And New York City (any city, any place) has a lot to offer or a lot to be missed. There’s architecture and art and love isn’t just in the air, it’s on the street right in front of you! You just have to look up, look around, pay attention.

So come on everyone, give it a try. Save your ankle bones, protect your knees and lift your spirits. Put your phones down and pick your eyes up.

If you don’t want to listen to me, listen to Tupac.

"Hollar If Ya Hear Me" closed but keep your eyes open - it will be back!

“Hollar If Ya Hear Me” closed but keep your eyes open – it will be back!

Or listen to Annie Lennox … or if you don’t know that musical reference, don’t worry. Just know this: The streets where I walk are a little safer now that I’m phone free. It could be argued that I’ve lost my chance to “bump” into someone interesting but I’ve increased my chance to make eye contact. I still slip when out with a group of friends. Social media sometimes sucks me back, but I try to stay in the moment – ready and present for potential magic.
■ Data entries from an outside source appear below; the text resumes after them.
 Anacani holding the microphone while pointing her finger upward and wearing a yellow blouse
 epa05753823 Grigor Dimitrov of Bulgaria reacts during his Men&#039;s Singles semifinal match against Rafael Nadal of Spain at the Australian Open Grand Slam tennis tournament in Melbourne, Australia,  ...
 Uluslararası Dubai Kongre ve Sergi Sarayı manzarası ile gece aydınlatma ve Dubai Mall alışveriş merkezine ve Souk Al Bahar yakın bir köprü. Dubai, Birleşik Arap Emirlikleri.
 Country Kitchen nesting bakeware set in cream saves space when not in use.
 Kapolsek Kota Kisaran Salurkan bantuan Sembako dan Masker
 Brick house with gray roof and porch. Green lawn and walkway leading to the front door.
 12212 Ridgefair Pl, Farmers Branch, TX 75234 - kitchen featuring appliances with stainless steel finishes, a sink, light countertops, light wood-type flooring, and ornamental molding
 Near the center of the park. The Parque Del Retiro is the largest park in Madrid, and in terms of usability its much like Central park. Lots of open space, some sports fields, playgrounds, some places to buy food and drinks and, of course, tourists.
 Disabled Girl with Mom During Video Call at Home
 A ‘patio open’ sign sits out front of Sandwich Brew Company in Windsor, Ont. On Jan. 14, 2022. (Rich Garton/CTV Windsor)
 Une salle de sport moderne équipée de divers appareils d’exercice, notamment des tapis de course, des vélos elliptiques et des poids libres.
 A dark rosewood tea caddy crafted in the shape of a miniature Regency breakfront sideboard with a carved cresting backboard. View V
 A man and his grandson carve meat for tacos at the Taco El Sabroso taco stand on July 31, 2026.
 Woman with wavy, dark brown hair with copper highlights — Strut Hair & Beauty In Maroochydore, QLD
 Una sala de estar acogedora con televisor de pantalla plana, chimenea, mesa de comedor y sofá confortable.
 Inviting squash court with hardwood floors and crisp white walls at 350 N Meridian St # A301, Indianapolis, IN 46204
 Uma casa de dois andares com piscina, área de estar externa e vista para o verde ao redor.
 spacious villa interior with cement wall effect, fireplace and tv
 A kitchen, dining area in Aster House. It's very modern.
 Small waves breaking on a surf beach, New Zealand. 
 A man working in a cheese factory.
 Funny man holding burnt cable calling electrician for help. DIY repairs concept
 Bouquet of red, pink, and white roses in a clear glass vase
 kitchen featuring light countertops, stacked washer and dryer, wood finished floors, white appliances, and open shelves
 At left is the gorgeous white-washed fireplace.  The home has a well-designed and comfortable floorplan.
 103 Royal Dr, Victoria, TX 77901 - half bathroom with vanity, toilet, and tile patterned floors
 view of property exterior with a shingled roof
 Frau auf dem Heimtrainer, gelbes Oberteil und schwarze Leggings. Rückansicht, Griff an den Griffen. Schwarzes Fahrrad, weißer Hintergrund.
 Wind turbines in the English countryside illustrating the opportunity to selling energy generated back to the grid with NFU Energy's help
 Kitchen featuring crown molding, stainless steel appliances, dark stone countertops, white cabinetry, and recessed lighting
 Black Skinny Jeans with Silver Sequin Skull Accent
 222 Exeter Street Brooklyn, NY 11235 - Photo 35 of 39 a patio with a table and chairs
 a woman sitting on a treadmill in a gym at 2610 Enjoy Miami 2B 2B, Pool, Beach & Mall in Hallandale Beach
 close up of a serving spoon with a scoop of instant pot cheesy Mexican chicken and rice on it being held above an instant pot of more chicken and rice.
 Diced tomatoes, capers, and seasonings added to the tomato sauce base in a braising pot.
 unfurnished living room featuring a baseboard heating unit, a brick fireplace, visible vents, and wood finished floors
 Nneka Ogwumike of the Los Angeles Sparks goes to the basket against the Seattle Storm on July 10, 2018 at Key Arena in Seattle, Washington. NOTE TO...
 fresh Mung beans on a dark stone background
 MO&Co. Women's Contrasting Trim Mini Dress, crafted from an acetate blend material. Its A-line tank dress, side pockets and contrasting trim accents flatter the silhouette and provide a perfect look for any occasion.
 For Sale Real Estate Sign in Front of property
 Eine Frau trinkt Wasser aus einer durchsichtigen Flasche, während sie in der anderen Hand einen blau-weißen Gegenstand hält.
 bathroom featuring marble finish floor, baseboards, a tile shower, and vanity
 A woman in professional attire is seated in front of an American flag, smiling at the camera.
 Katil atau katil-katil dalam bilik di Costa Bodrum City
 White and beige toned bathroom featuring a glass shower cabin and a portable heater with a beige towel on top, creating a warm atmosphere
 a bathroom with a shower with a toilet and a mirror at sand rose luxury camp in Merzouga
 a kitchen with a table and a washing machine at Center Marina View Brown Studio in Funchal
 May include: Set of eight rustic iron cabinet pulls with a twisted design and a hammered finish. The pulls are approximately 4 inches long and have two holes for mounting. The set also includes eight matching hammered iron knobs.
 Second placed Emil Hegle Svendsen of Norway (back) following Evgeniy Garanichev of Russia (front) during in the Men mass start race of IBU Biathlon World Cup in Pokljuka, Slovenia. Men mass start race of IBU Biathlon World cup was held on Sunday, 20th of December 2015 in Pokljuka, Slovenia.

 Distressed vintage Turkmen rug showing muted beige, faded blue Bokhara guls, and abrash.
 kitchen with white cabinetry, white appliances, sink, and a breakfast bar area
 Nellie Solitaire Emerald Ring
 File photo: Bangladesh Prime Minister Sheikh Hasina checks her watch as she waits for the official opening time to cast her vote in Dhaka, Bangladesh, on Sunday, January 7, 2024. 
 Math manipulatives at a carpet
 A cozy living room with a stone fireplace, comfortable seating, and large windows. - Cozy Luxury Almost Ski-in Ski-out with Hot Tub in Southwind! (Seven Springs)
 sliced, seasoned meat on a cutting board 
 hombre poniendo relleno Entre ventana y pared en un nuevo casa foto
We found some magic at The Spyglass Rooftop Bar at the Archer Hotel (38th St, NYC). Rooftop bars in NYC are crowded and magic can be tough to spot in a packed room. But the bouncer hooked us up with comfy seats and an amazing view of the Empire State Building and the Eternal Lights from the 9/11 Memorial. And they serve Cakebread Cellars Sauvignon Blanc. (It’s much too busy to order a margarita here. Stick with something simple.)

Cakebread Cellars believes that life’s occasions are elevated by good wine, good food and good people – and I couldn’t agree more.

Life’s occasions are also elevated by keeping your head up and your phone stowed so you see more than you miss and you have the chance to capture every, single, magic moment.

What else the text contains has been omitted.